レトルトカレー市場の伸長をめぐって

著者
大正大学地域構想研究所 客員教授
岩村 暢子

先月(2018年6月)、レトルトカレーの市場規模(全国のスーパーやコンビニなどの販売データから推計した販売額)がルーカレーのそれを初めて上回ったと発表され、新聞やテレビで話題となった。

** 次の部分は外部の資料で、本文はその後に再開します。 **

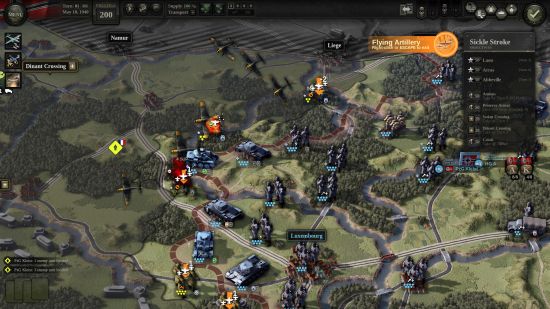 Unity of Command II Blitzkrieg-P2P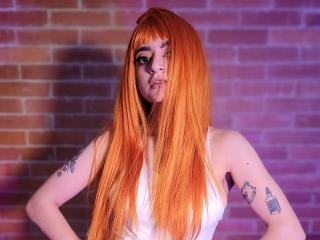 AmelieSato - Live sex cam - 25152481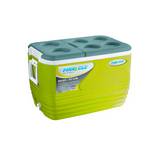 Hielera eskimo 57 l verde pinnacle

調査会社インテージ(東京)の報告で、2017年にレトルトカレー市場は461億円と前年より15億円増加し、ルーカレーの456億円(前年より33億円減)を超えたという。大塚食品の「ボンカレー」(1968年)に始まった日本のレトルトカレー市場が、この50年間にルー市場を上回るまでに拡大したのである。

さて、その背景にどんなことが考えられるだろうか。

メディアでは、単身世帯の増加による個食化の進行、働く女性の増加による調理の簡便化の高まりなどが多く語られていた。

確かに近年単身世帯の増加は著しく、2020年には全世帯の約3割に達すると予測されている(国立社会保障・人口問題研究所)。また、子供のいる家庭の妻の有業率も従来は低かった30代前半でさえ5割を超える(総務省)など、明らかに増加している。

だが、それだけではないようだ。私が20年継続している家庭の食卓調査「食DRIVE」のデータをみると、レトルトカレーは単身世帯だけでなく子供のいる家庭の食卓にもよく使われている。それも孤食シーンと限らず、家族が揃った食卓にも登場している。また、主婦の有職化との関係を示す事実は認められず、むしろ専業主婦のランチでは人気アイテムの一つなっている。

家庭の食卓にレトルトカレーがどのようにして入ってきたか振り返ってみると、当初は簡便性に注目されたが、80年代半ばになると味や辛さの違いにこだわった商品が登場して重宝がられていく。

子供も食べられる甘口カレーを親が嫌ってお父さんだけレトルトの激辛カレーを食べたり、子供にだけお子様向けレトルトカレーを与えて大人用には辛口カレーを作るなど、小さい子供のいる家庭では、個々の好みへの対応からレトルトカレーが浸透してきた事実も否めない。「食DRIVE」データで、同じルーで煮たカレーを食べず、あえて個々異なる辛さや味のレトルトカレーを食べる家族が登場したのは2000年のことだった。

それは、家族が自分の好みに合わせて異なるレトルトパスタソースをかけてパスタを食べたり、同じサラダに違う味のドレッシングをかけたりするのと同じ感覚であろう。つまり、単身世帯の増加や調理の簡便化指向の高まりだけでなく、一緒に食卓を囲んでも家族それぞれが自分の好みを周りの人に合わせなくなってきたことが、今日のレトルトカレー市場拡大の要因としても見逃せないのである。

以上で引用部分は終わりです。